Senior Term Loan Due 2022

    In October 2018, the Company entered in a term loan agreement with Rabobank in the amount of €150.0 million. The Company was permitted to prepay the term loan before its maturity date of October 28, 2022. Interest was payable on the term loan quarterly in arrears at an annual rate, equal to the EURIBOR plus a margin ranging from 0.875% to 1.875% based on the Company’s credit rating. The Company had to fulfill financial covenants with respect to a total debt to EBITDA ratio and an interest coverage ratio. As mentioned previously, during October 2021, the Company repaid its senior term loan of €150.0 million (or approximately $173.4 million as of October 8, 2021) with the proceeds from its 0.800% senior notes due 2028.

Short-Term Borrowings

    As of December 31, 2021 and 2020, the Company had short-term borrowings due within one year of approximately $90.8 million and $33.8 million, respectively.

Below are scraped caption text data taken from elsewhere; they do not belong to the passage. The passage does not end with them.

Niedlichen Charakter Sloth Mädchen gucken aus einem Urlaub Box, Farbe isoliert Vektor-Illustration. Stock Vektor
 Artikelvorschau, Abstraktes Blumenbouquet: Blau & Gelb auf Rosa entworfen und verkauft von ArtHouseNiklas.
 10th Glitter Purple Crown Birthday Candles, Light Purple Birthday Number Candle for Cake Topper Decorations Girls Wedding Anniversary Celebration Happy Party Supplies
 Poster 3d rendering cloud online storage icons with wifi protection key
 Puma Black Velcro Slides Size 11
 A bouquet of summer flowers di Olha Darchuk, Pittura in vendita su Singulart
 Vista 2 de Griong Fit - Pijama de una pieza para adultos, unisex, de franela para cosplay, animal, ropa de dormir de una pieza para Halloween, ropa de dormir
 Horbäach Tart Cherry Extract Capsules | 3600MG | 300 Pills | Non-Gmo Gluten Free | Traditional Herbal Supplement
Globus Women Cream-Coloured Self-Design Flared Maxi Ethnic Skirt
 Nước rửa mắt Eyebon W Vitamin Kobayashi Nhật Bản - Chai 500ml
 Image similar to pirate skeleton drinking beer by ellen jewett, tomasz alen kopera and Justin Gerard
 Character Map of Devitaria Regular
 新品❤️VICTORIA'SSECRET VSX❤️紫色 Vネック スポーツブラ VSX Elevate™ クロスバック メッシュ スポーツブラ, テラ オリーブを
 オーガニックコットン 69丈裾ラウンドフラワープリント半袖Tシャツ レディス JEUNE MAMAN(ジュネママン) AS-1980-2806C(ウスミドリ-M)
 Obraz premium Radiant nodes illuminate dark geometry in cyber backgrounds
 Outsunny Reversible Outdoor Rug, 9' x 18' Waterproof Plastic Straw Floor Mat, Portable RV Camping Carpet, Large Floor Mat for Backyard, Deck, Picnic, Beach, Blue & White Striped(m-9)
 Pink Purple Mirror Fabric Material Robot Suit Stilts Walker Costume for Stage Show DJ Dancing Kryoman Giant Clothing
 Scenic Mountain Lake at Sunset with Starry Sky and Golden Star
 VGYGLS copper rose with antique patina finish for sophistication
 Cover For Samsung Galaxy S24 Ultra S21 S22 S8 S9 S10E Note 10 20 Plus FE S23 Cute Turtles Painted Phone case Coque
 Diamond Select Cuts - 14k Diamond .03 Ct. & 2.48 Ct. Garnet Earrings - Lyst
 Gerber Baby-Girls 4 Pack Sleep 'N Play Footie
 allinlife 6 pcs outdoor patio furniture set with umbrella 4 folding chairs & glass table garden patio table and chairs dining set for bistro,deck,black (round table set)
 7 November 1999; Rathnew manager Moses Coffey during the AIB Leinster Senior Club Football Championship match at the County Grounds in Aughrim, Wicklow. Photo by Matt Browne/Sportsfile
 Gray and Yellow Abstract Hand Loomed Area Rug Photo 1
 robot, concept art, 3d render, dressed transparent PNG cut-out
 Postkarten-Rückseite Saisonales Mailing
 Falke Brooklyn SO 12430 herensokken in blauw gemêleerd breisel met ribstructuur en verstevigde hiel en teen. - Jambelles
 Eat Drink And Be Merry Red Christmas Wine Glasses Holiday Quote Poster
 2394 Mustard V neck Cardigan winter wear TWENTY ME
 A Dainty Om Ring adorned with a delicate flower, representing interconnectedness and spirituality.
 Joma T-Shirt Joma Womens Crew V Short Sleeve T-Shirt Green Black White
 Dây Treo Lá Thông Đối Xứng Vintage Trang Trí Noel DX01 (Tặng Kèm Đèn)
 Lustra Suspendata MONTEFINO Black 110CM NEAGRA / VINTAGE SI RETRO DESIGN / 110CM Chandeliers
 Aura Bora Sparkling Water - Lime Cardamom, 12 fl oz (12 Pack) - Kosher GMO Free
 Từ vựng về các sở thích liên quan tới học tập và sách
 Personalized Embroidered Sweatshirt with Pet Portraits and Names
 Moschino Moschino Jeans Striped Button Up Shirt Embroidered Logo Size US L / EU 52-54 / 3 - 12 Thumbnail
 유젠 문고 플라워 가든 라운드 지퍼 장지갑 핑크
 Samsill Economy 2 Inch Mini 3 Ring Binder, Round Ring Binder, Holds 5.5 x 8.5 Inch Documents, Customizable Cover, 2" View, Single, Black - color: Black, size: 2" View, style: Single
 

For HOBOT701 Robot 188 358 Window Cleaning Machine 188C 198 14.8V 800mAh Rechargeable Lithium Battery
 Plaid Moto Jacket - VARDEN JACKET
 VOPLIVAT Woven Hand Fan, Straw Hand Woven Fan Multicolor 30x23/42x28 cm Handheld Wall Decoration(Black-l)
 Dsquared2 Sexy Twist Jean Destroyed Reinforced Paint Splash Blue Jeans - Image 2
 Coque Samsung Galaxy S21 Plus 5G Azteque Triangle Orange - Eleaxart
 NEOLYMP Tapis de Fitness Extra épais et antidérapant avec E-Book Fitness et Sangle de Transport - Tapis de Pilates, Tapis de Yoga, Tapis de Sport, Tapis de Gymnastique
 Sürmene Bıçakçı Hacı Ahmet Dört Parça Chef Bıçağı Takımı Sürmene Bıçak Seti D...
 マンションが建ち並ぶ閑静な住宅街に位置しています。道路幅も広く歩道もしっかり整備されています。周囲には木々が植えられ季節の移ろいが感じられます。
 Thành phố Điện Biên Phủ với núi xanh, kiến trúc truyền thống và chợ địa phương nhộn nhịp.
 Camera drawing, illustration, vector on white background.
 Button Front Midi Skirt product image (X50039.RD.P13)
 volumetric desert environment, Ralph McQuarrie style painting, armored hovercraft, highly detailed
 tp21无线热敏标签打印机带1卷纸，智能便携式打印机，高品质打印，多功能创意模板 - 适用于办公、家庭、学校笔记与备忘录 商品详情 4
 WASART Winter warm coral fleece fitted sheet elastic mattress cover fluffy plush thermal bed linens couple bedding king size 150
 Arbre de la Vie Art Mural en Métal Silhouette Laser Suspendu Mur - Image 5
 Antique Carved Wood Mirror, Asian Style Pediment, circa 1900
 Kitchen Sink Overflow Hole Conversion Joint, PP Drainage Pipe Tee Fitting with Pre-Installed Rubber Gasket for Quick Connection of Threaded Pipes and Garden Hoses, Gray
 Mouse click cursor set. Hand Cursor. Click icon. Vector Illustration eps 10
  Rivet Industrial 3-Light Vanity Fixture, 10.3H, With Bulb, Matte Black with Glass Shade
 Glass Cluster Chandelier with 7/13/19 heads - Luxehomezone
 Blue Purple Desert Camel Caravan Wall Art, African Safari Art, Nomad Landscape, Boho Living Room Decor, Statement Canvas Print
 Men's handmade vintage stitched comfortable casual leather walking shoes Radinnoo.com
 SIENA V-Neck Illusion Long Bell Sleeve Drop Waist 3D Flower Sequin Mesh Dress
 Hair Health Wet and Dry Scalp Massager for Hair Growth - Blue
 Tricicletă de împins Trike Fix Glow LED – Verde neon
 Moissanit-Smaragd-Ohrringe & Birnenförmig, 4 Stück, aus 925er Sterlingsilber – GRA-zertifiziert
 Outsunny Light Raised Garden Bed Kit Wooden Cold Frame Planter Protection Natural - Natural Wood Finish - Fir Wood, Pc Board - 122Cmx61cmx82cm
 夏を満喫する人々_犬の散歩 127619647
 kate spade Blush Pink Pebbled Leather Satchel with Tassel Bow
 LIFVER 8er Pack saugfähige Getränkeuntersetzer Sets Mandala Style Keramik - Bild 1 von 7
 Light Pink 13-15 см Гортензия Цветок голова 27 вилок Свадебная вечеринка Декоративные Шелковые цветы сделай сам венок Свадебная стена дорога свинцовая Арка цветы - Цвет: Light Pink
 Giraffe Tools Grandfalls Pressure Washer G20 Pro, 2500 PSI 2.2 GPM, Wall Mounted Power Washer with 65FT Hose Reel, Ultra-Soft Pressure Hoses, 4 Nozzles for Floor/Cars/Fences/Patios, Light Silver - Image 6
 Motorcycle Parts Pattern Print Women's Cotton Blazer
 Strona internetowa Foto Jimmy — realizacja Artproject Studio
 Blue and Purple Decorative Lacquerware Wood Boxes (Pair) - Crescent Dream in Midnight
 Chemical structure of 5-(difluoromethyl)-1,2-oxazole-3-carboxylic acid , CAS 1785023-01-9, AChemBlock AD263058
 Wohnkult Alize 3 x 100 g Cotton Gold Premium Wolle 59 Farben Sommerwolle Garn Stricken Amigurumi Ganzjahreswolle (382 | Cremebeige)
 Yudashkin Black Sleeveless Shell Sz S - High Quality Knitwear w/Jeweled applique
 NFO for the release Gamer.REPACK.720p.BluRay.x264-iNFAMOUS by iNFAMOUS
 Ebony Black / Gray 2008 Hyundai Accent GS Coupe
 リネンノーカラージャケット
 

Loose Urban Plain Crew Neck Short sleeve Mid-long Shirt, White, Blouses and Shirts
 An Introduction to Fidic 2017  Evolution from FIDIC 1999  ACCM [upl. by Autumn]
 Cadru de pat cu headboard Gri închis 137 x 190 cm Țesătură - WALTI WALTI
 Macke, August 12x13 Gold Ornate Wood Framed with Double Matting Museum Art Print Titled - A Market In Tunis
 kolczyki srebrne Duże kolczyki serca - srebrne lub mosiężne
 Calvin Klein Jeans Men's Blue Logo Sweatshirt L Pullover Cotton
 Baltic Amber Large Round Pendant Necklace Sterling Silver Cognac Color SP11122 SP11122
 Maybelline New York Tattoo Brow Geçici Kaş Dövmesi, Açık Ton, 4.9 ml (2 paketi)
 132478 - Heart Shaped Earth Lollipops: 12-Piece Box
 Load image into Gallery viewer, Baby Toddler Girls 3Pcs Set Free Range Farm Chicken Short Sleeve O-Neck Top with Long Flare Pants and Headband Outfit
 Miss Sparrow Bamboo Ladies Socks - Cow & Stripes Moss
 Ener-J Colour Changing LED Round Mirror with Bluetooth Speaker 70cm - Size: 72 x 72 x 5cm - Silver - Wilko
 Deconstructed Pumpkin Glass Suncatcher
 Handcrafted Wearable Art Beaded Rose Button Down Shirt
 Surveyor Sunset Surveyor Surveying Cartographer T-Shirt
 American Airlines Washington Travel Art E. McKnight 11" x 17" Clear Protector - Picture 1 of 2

Standby Letters of Credit and Similar Instruments

    The Company has arrangements with various banks to issue standby letters of credit or similar instruments, which guarantee the Company’s obligations for the purchase or sale of certain inventories and for potential claims exposure for insurance coverage. At December 31, 2021 and 2020, outstanding letters of credit totaled $14.6 million and $14.4 million, respectively.